Two particular characteristics have contributed to Sayell’s success.
The first is the maternal aspect she brings to her business. Chefs know
that they can trust her and she, in turn, seems to look on them rather
like her extended family who may survive without her advice but not
quite so well. When talking about one chef about to set up a fish and
chip shop where they will fry the fish in olive oil (supplied by her
company, naturally) as they do in Spain, she did refer to him as ’a
very nice boy’. And she has just placed two of Jamie Oliver’s trainee
chefs in the kitchens of El Portalon in Marbella for an immersion in
Spanish cooking.
Since becoming an important part of the business, James has acquired
a more commercial perspective. “We look at those who supply the small
restaurants and delicatessens in Spain and only deal with family-owned,
artisanal companies. The key is that they must be family-owned rather
than their size. If we are talking to the owner of a company we can
persuade them occasionally to adapt one of their products to suit
British chefs but you cannot do that if you have to deal with an export
manager.”
Recommendations from chefs and suppliers in Spain have taken Sayell
to places she didn’t think possible seven years ago. “I've been into
the kitchens of Goldman Sachs, Credit Suisse and Diageo to show them
how to cook tortilla properly. And an introduction to a small family
ceramic business, where father and son make and mother and daughter
decorate, led to us importing a wide range of ceramics. One particular
round dish goes to Rowley Leigh for the fish pies in the fish shop next
to Kensington Place while another, with three divisions, goes to
a cinema that wants to sell food but not have the intrusion of noisy
wrapping paper.”
But the biggest surprise has been the popularity of the Serrano ham
and suckling pigs she imports from Avila with Britain’s Chinese chefs
(although Sayell is quick to point out that correctly they should be
called sucking pigs as it is the mother who suckles). “They can no
longer import meat directly from China because of the health scares so
they buy our Serrano hams and use the meat for dim sum and the fat and
bones for stock. And every Chinese celebration seems to call for a
suckling pig. I took our supplier (whose brand is, incidentally,
called Porky Avila) to one Chinese restaurant last week which had just
ordered thirty pigs and he was so thrilled.”

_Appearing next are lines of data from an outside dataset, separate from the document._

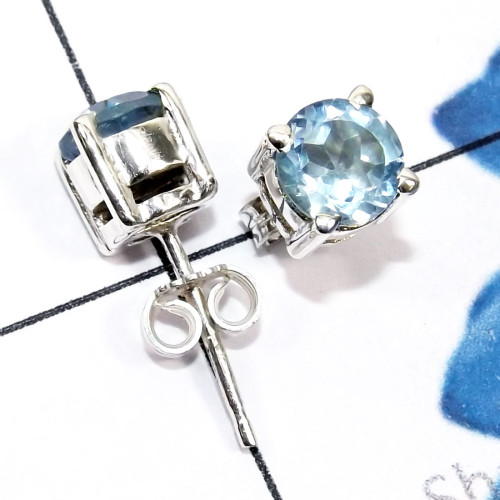 Blue Topaz F - SSE969-6mm Round Faceted Semiprecious Gemstone 925 Sterling Silv Blue Topaz F - SSE969-6mm Round Faceted Semiprecious Gemstone 925 Sterling Silv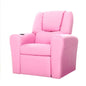 Keezi Kids Recliner Chair PU Leather Sofa Lounge Couch Children Armchair Pink - Cosy Abode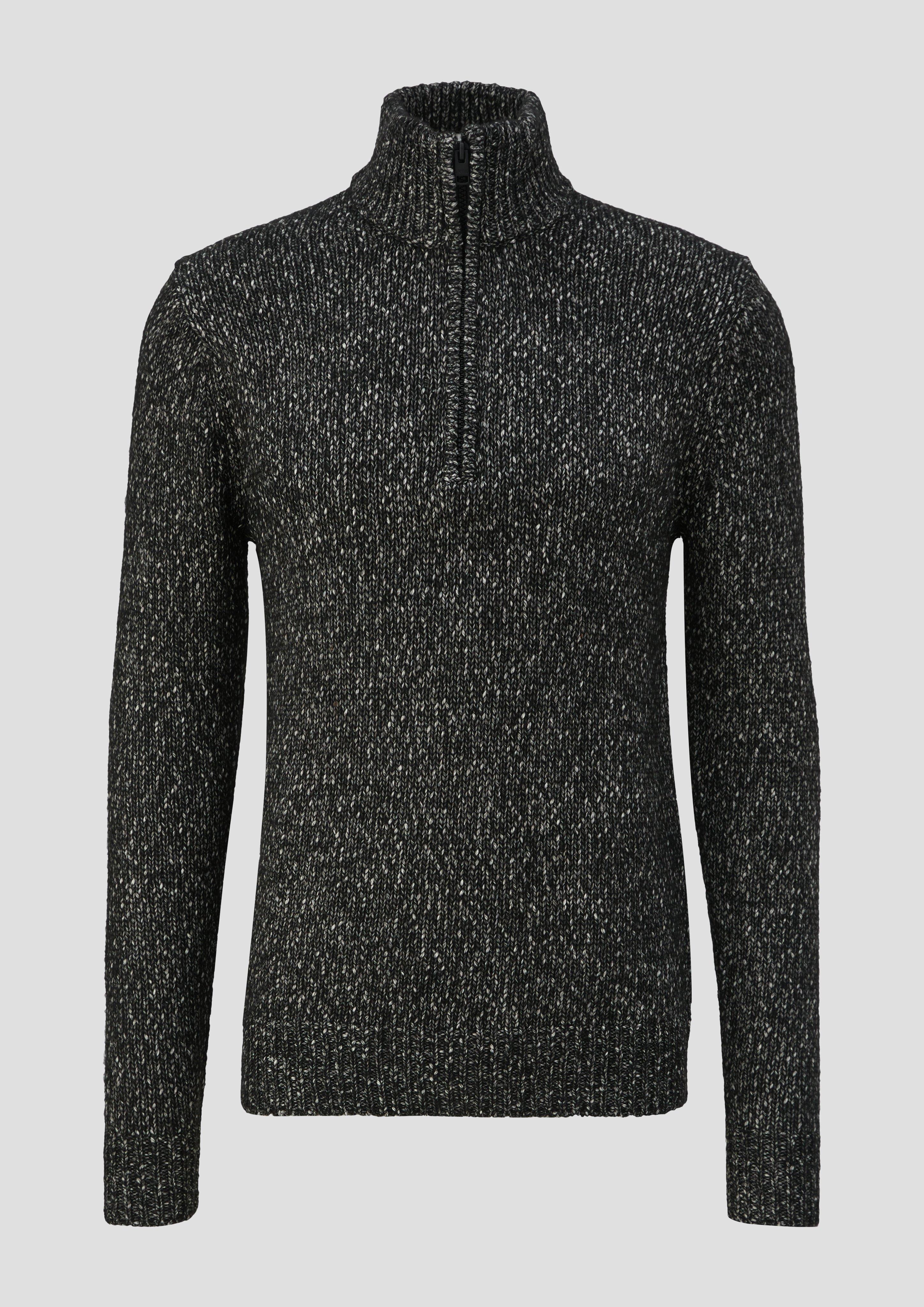 Slim Fit: Strickpullover mit Reißverschluss  2143022-99X0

The pleasure that acting as suppliers to British chefs has given the
Sayell family is obvious from their enthusiasm not just for what they
are currently offering but for the new range of unsmoked Jamón Ibérico,
to be grilled or roasted like beef or lamb, which has impressed the
chefs they have shown it to and will be appearing on British menus in
the autumn.
Wendy Sayell’s cool, dark Victorian warehouse is a long way from the
initial sun-drenched beach café in Torremolinos where her passion for
food began. But anyone who appreciates the strong, distinctive flavours
of Spanish ingredients, whether on restaurant or gastro-pub menus,
should be grateful she made the move.